From some distance away I can hear the keening wail of police sirens, the direction they are coming from is a mystery because of the way the sound bounces off the buildings around us and echoes down the alleyways. A smile creeps onto my face, sirens bring more feeling and rancor to an atmosphere. A bit like adding spice to food, it enhances it so well, I've found.
As I make my way forward with the crowd, a man links his arm with mine, and we begin to march down the middle of the street together, as another man links his arm to my other side. The chain of angry men (for it is mostly men in the crowd, which adds a dash of competitive ego to the roiling stew of feeling) begins the short trek to the center of the town. The main thoroughfare where we walk is lined with shops.
There is the barbershop, where a man smoking a pipe in a short white coat adds his voice to the clamor and tumult. There is a store selling radios and the new invention that lets them see moving pictures in their own home, where a woman is holding the door open and trying to usher her two young children inside. Next to the moving picture shop there is a restaurant that offers breakfast all day. I smile as I see that the proprietor seems to have misspelled the word "dinner". I've never seen it spelled with one 'n' before. But however you spell it, the "fresh biscuits made daily" sounds interesting.
As we round a corner and head down another street, we can see a line of black and white cars, with spinning red lights on the top. Just behind the cars stand a group of men in light blue shirts and black hats. Each man holds a small club across his chest diagonally, and a few of the men have a dog on a leash, which is attached to their wrist. The leash, not the dog. About fifty paces behind the men in blue shirts, another group has assembled.
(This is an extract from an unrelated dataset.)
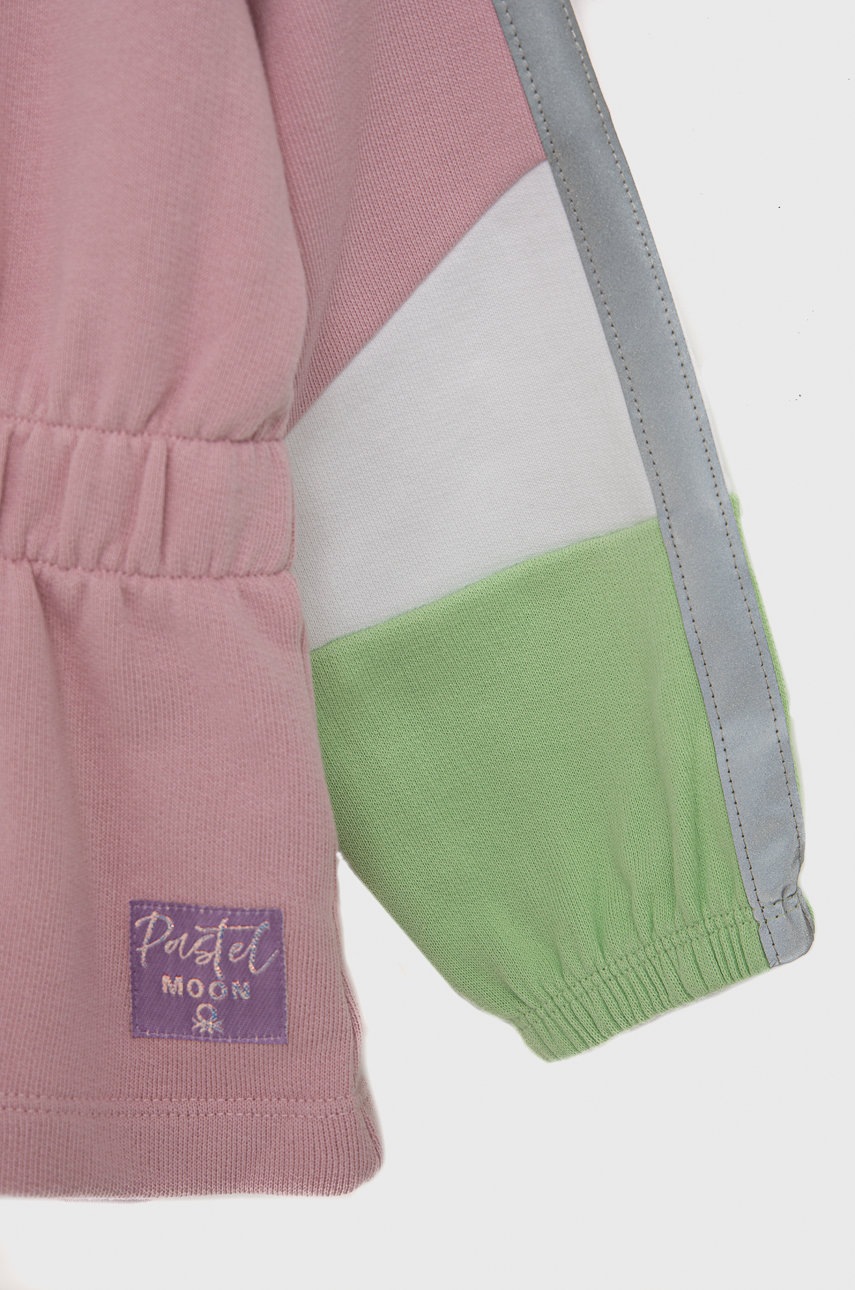 

Дитяча бавовняна кофта United Colors of Benetton колір рожевий однотонна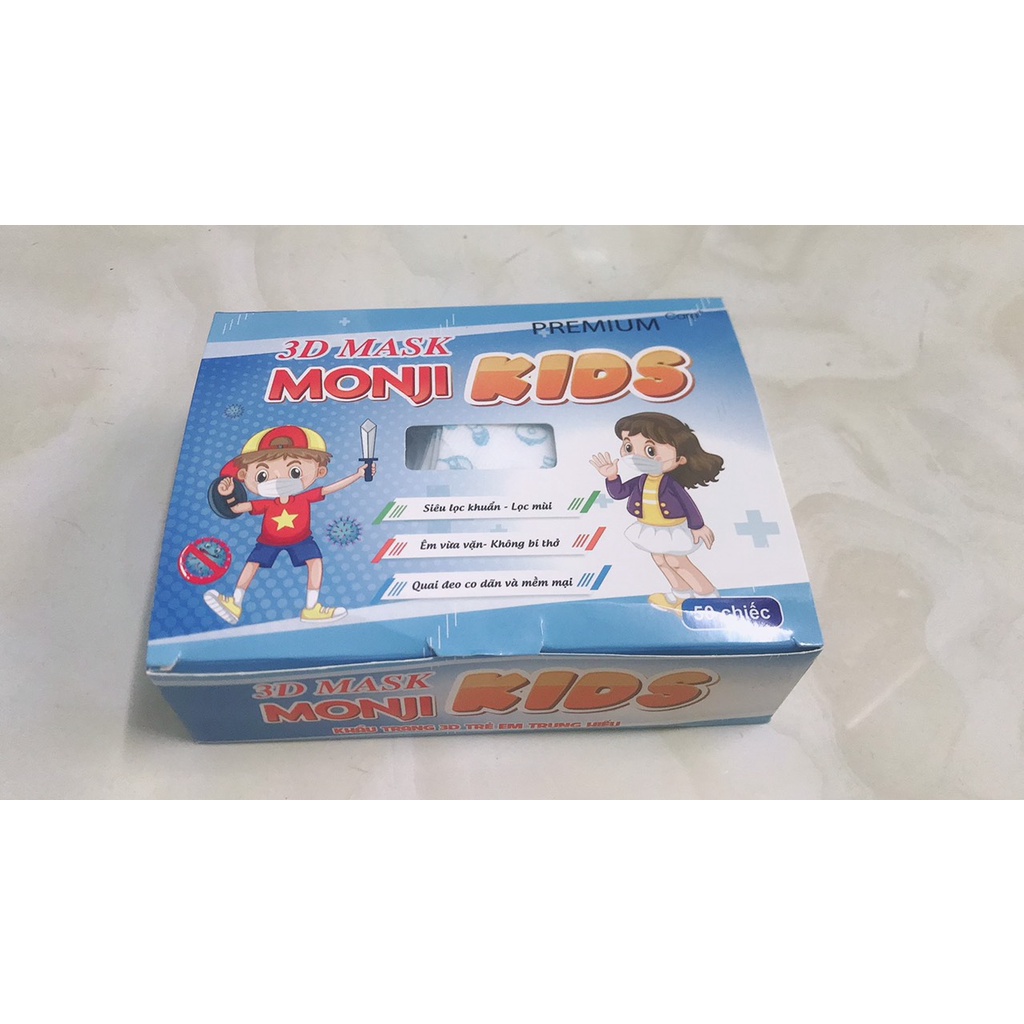 (Bán lẻ 1 cái) Khẩu Trang Trẻ Em 3D MONJI KIDS, quai giấy mềm mại cho bé, họa tiết Doaemon, 10 cái/túi, 50 cái/hộp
They are different from the group I am with only because of what the signs they hold up say. Their signs say "segregation: morally wrong" and "We walk for human dignity". Where the crowd that I march with are shouting disparate phrases and vitriolic oaths, the crowd on the other side of the blue-shirted men are, singing. Of all things, they are singing.
The man beside me stumbles a bit as I slow my pace in surprise. I have seen this before but I never get used to it. In the face of scorn and verve, the response should be to meet it with equal scorn and verve. Sometimes, when things are not going as you expect or want, you have to take an active role in making them change. I unhook my arms from the men on either side of me and I look down at the ground.
A clear bottle with a brown liquid is by my feet as the crowd surges around me like river water. I wrap my hand around the neck of the bottle and I lift it from the hot asphalt. The weight of it feels good in my hand as I start walking with the crowd again. The men in blue shirts have nervous looks on their face as the crowds near each other.
If the emotion of anger looked like a sandstorm, then nervousness looks like fog. It hangs, immobile and uncertain with no real purpose to its existence. It is actually interesting. They started as if on cue, and now they stop as if on cue. The group of angry men and the group of people singing face each other across a small distance, the thin row of blue-clad men and their dogs.
Their singing intensifies and the shouts from my group seem to quail a bit in comparison. Anger begins to be mix with uncertainty, as I look down at the bottle in my hand. The temperature of this heady concoction is just right, so is the timing. The timing is right to add the final ingredient. It does not take much to send any concoction boiling over, just heat.
The bottle I throw adds that needed heat.